Omitting the images, transcribe the records below exactly as they stand.

Brief descriptive captions
□ □ □ □ □ □ □

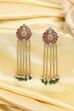 Multicolour Gold Plated Brass Stone Studded Drop Earrings image number 0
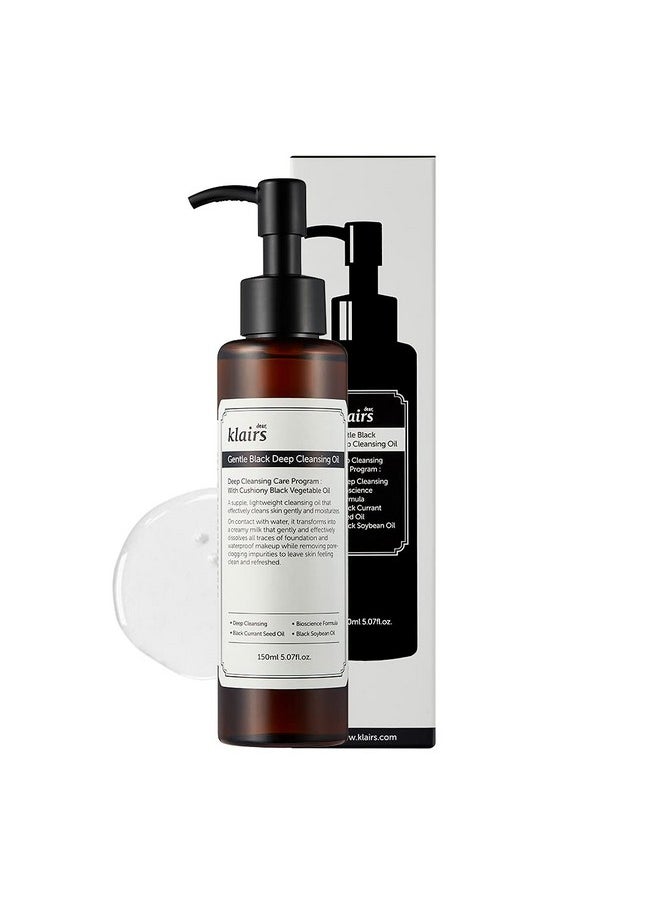 [DearKlairs] Gentle Black Deep Cleansing Oil 5.07 Oz | Composed of natural Vegan Black Bean, Black Sesame, Black Currant Seed oil for gentle, non-irritating cleanser for sensitive skin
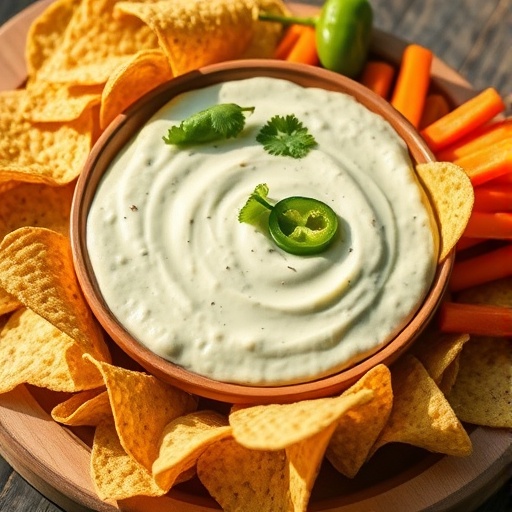 A vibrant bowl of creamy jalapeño dip, garnished with fresh cilantro and sliced jalapeños, ready for dipping on a rustic wooden board with tortilla chips.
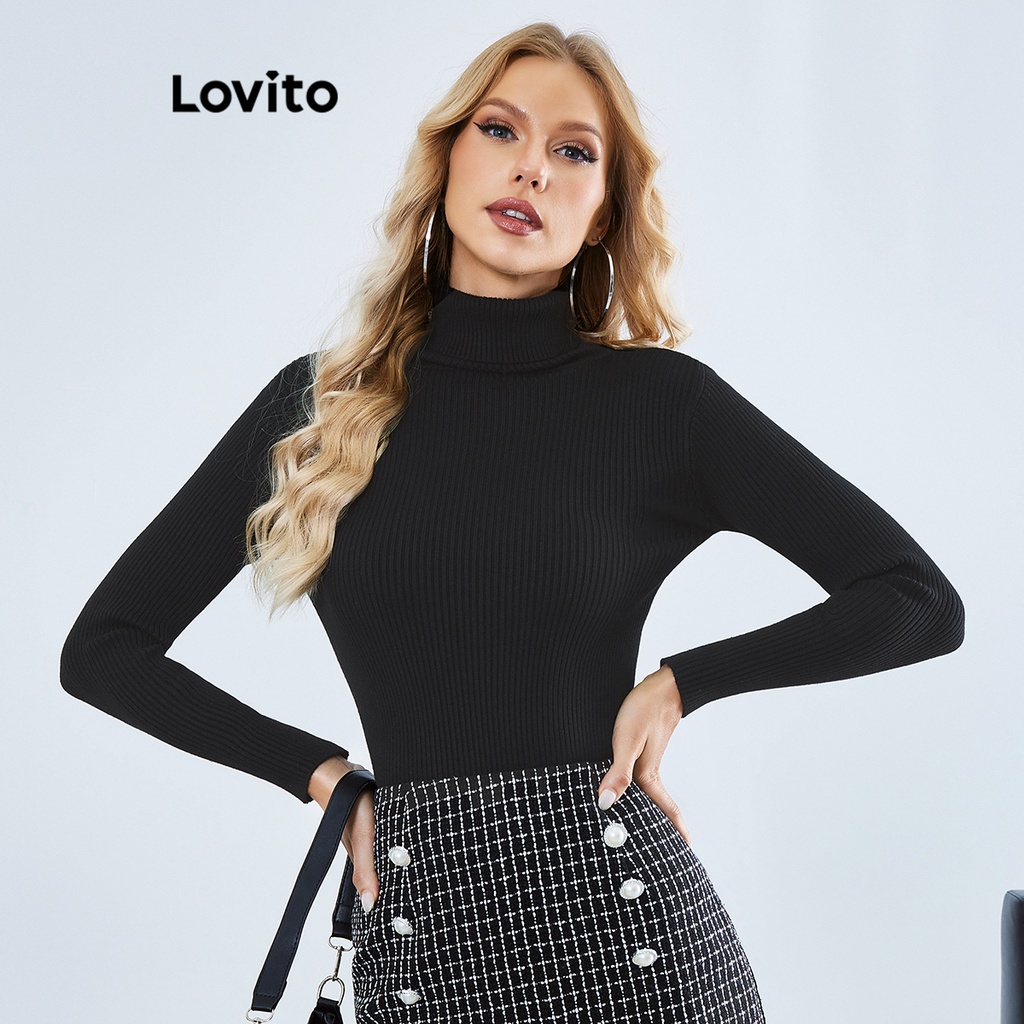 Lovito Áo len trơn cơ bản giản dị cho nữ LBE01010 (Trắng đen)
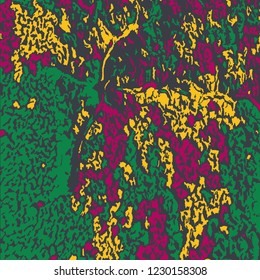 Color Grunge Pattern. Abstract Multicolor Vector Texture with Scratched Lines, Spots and Blobs for Wallpaper, Print, Card. Vintage Rough Colored Pattern with Different Elements. 
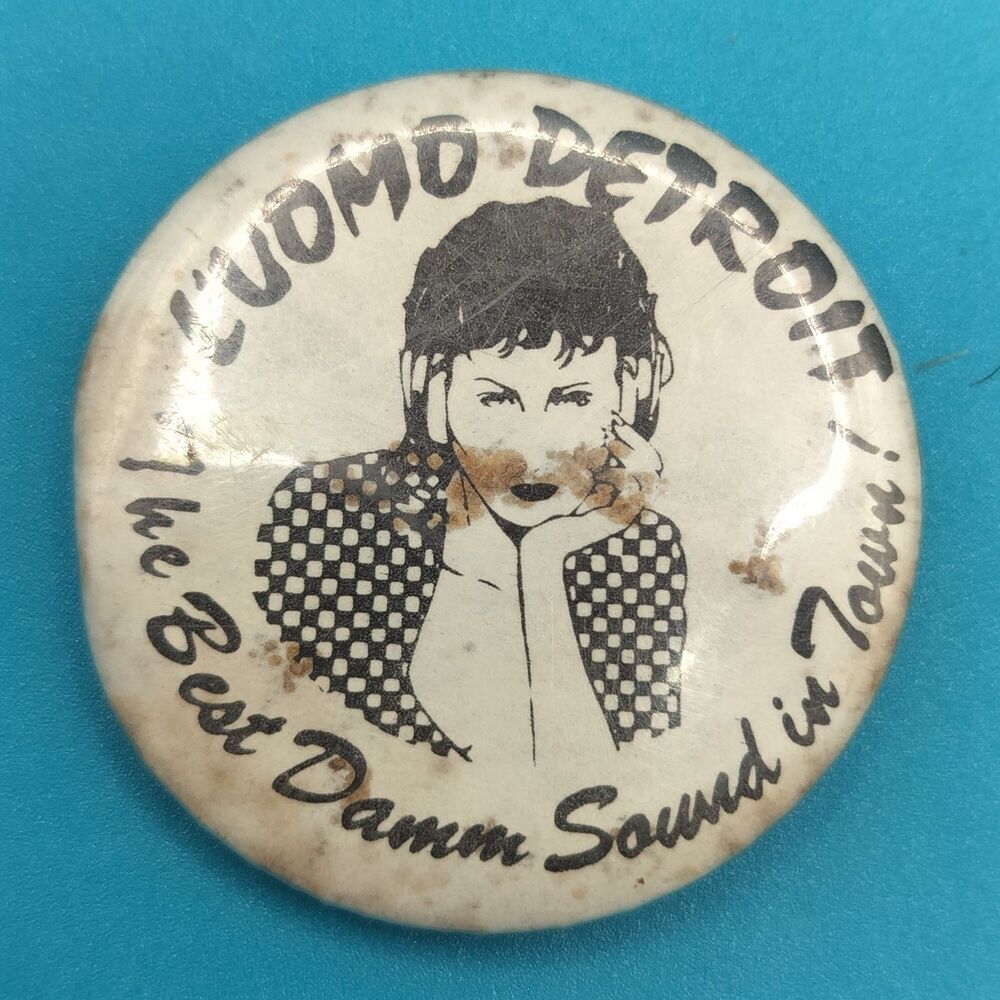 Luomo Detroit Vintage Pin Button Pinback Underground Dance Club Music L 'uomo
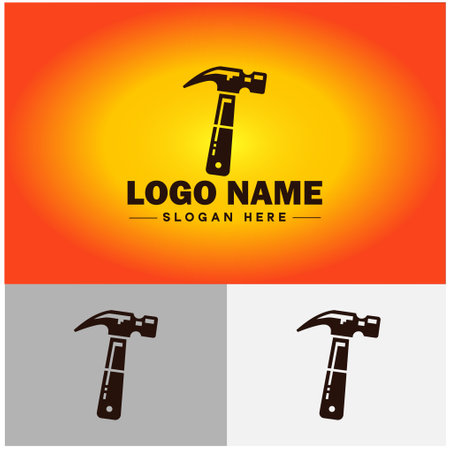 Hammer logo icon house repair tools construction thor icon vector for business app silhouette logo templateのイラスト素材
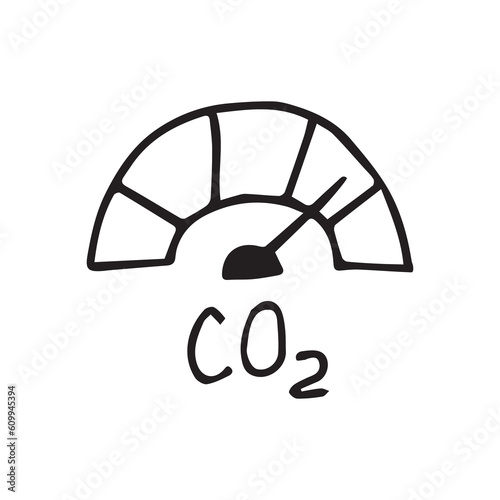 ecology. carbon dioxide. CO2. doodle art. vector drawing. black and white color. the icon is drawn manually. on a white background. easy drawing.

□ □ □ □ □ □ □

THE COMPLETED TASK:
 Multicolour Gold Plated Brass Stone Studded Drop Earrings image number 0
 [DearKlairs] Gentle Black Deep Cleansing Oil 5.07 Oz | Composed of natural Vegan Black Bean, Black Sesame, Black Currant Seed oil for gentle, non-irritating cleanser for sensitive skin
 A vibrant bowl of creamy jalapeño dip, garnished with fresh cilantro and sliced jalapeños, ready for dipping on a rustic wooden board with tortilla chips.
 Lovito Áo len trơn cơ bản giản dị cho nữ LBE01010 (Trắng đen)
 Color Grunge Pattern. Abstract Multicolor Vector Texture with Scratched Lines, Spots and Blobs for Wallpaper, Print, Card. Vintage Rough Colored Pattern with Different Elements. 
 Luomo Detroit Vintage Pin Button Pinback Underground Dance Club Music L 'uomo
 Hammer logo icon house repair tools construction thor icon vector for business app silhouette logo templateのイラスト素材
 ecology. carbon dioxide. CO2. doodle art. vector drawing. black and white color. the icon is drawn manually. on a white background. easy drawing.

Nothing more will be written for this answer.